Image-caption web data
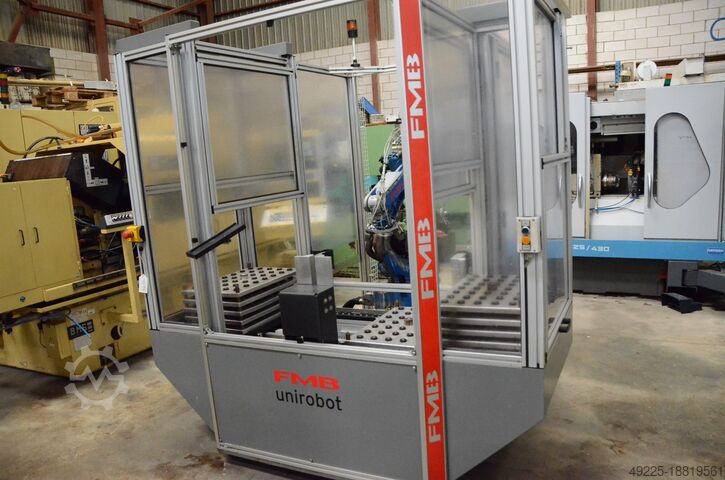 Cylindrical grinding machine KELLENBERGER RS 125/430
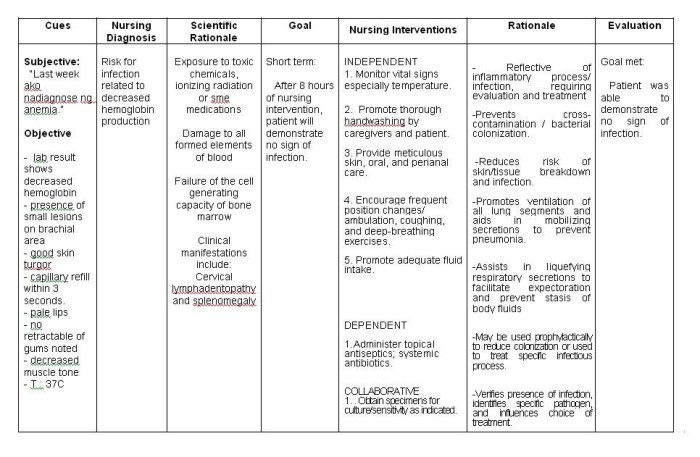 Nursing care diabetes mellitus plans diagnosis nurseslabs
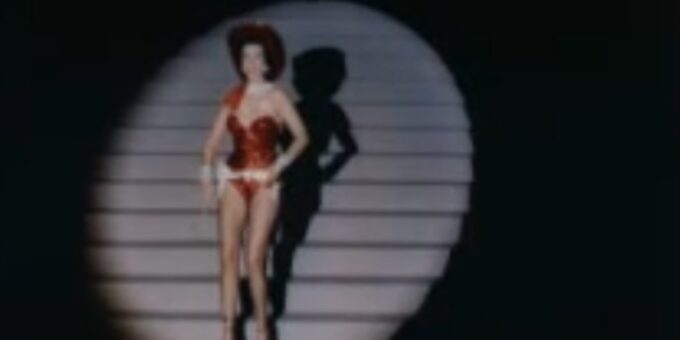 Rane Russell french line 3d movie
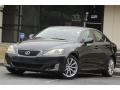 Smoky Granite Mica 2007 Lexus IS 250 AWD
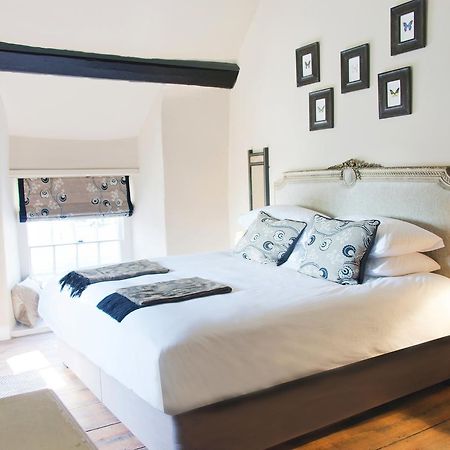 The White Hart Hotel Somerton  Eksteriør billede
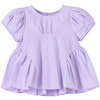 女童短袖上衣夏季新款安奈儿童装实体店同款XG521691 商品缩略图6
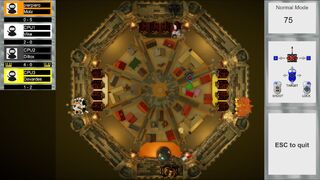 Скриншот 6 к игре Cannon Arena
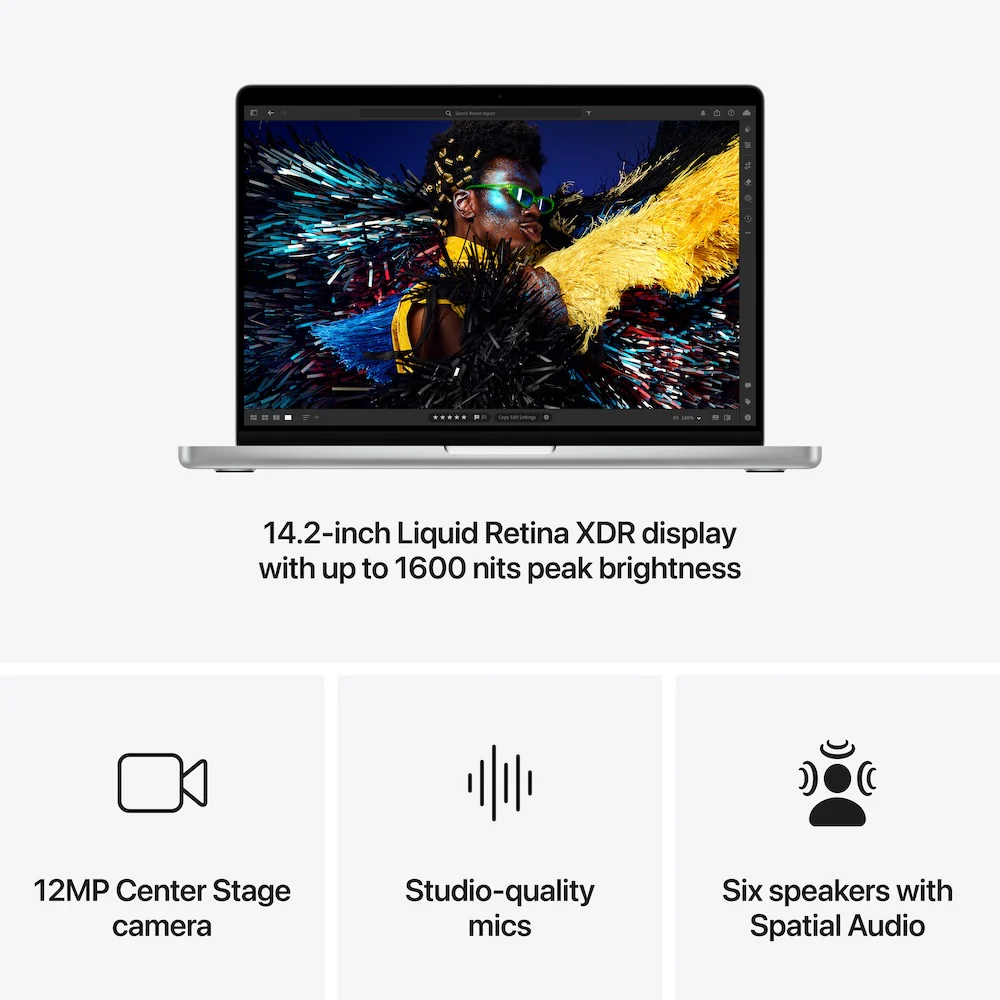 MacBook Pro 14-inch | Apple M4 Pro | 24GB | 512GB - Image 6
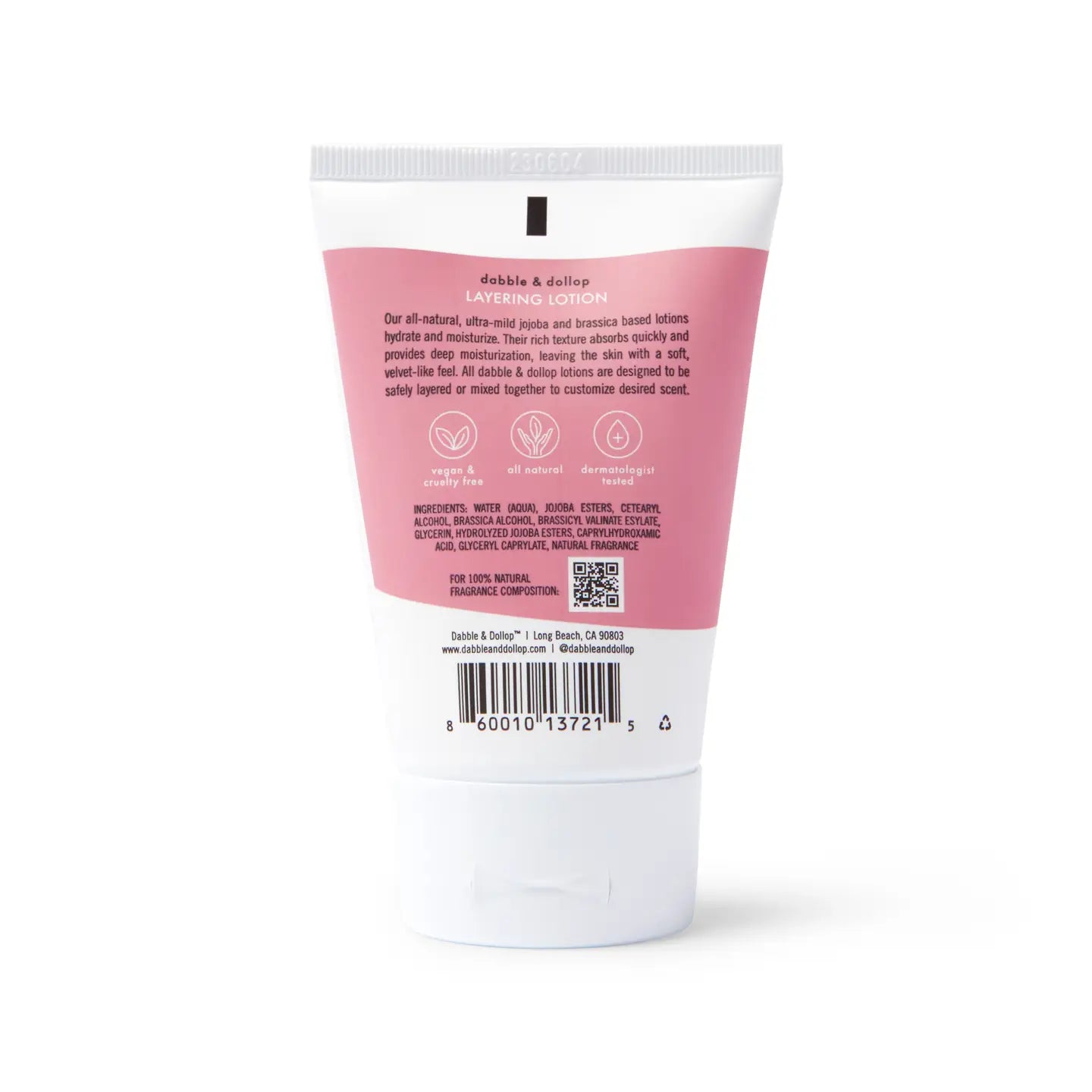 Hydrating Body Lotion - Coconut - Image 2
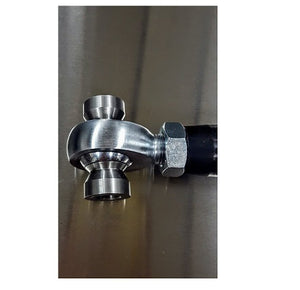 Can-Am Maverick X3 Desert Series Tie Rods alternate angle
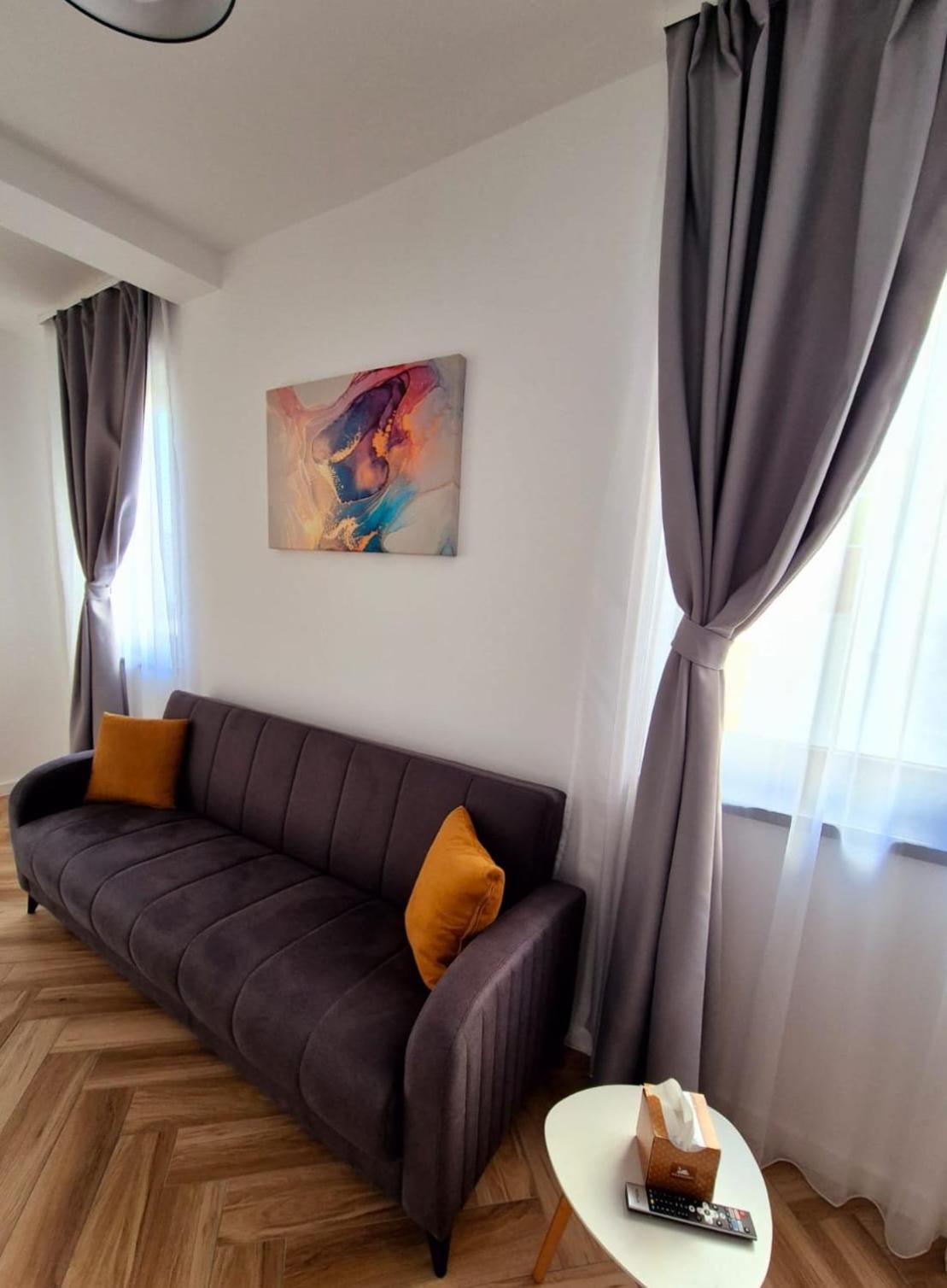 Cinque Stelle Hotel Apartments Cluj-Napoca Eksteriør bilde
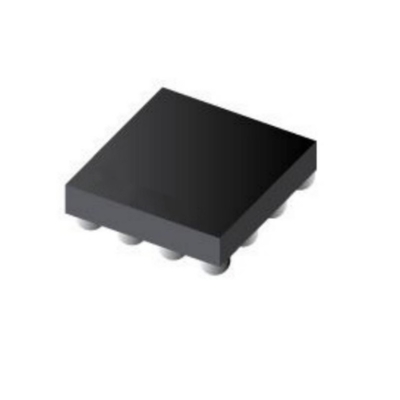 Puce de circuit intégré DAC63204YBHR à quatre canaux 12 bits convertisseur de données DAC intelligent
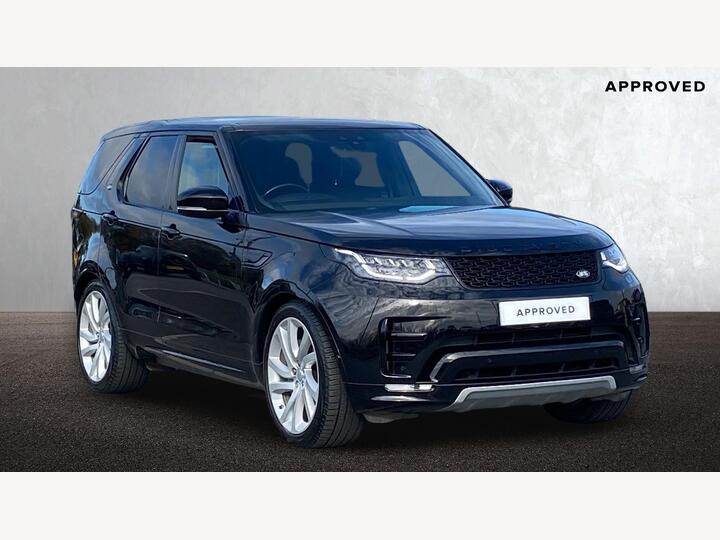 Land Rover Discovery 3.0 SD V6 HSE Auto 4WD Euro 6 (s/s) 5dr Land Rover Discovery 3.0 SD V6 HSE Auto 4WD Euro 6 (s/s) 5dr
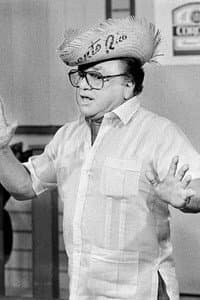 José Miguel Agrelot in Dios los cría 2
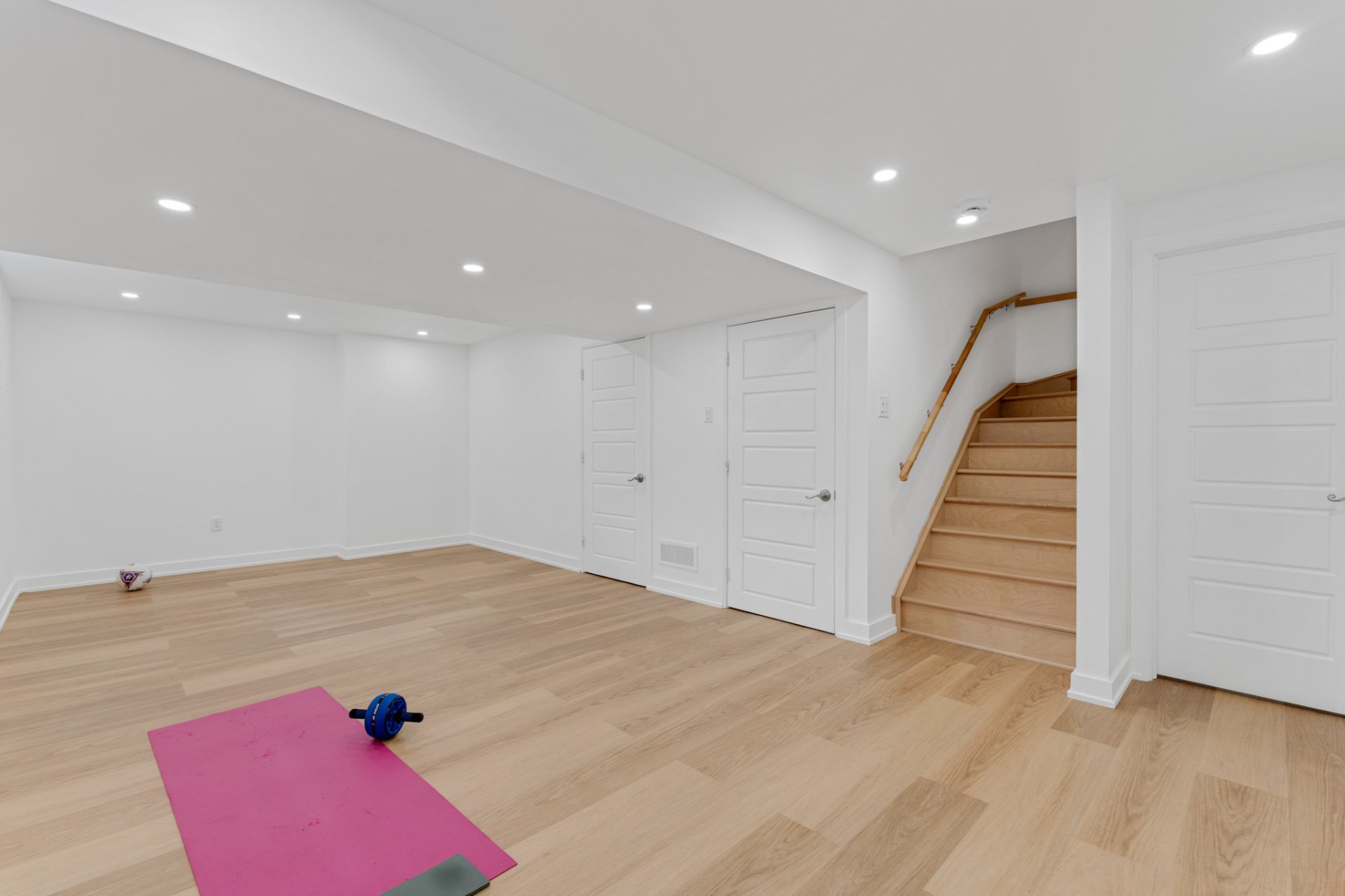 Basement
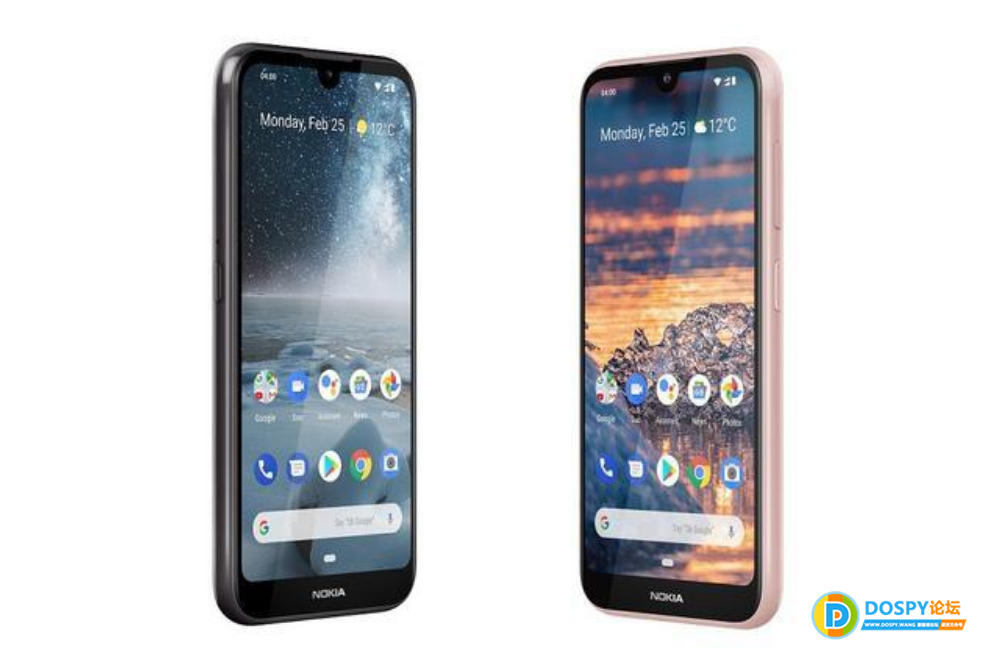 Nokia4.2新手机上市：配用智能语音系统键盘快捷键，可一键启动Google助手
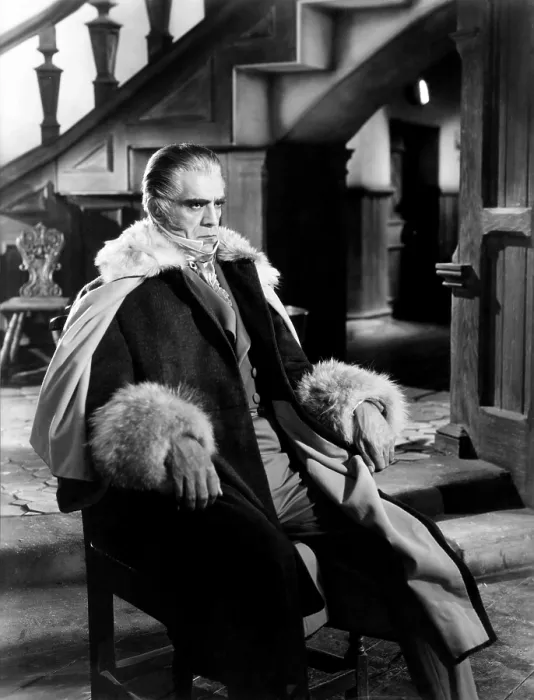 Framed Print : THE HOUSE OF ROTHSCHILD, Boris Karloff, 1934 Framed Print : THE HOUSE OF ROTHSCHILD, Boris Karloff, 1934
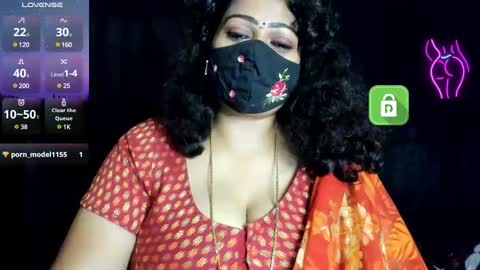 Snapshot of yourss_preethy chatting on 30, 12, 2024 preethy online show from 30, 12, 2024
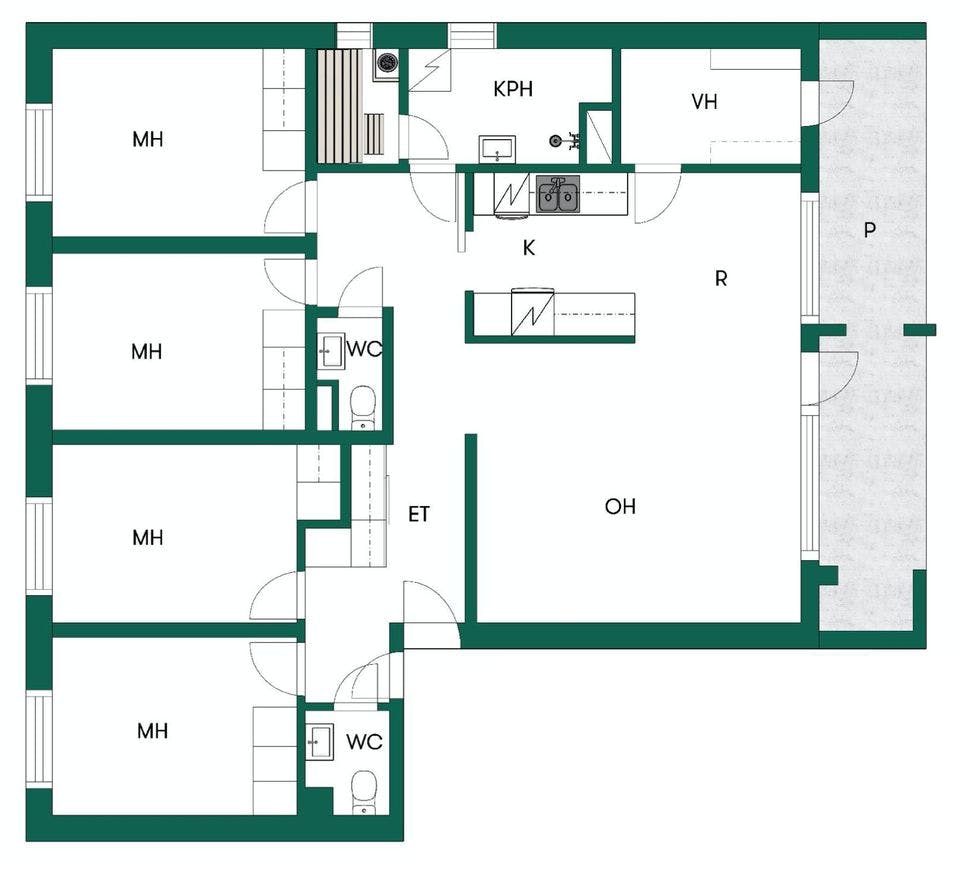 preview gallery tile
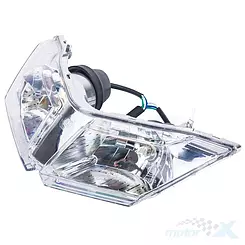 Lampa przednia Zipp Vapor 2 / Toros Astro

◆ PROBLEM: Emit an exact copy of the lines from the line bearing "Скриншот 6 к игре Cannon Arena" through the last line above, inclusive, and leave the images out.

◆ RESPONSE AREA:
 Скриншот 6 к игре Cannon Arena
 MacBook Pro 14-inch | Apple M4 Pro | 24GB | 512GB - Image 6
 Hydrating Body Lotion - Coconut - Image 2
 Can-Am Maverick X3 Desert Series Tie Rods alternate angle
 Cinque Stelle Hotel Apartments Cluj-Napoca Eksteriør bilde
 Puce de circuit intégré DAC63204YBHR à quatre canaux 12 bits convertisseur de données DAC intelligent
 Land Rover Discovery 3.0 SD V6 HSE Auto 4WD Euro 6 (s/s) 5dr Land Rover Discovery 3.0 SD V6 HSE Auto 4WD Euro 6 (s/s) 5dr
 José Miguel Agrelot in Dios los cría 2
 Basement
 Nokia4.2新手机上市：配用智能语音系统键盘快捷键，可一键启动Google助手
 Framed Print : THE HOUSE OF ROTHSCHILD, Boris Karloff, 1934 Framed Print : THE HOUSE OF ROTHSCHILD, Boris Karloff, 1934
 Snapshot of yourss_preethy chatting on 30, 12, 2024 preethy online show from 30, 12, 2024
 preview gallery tile
 Lampa przednia Zipp Vapor 2 / Toros Astro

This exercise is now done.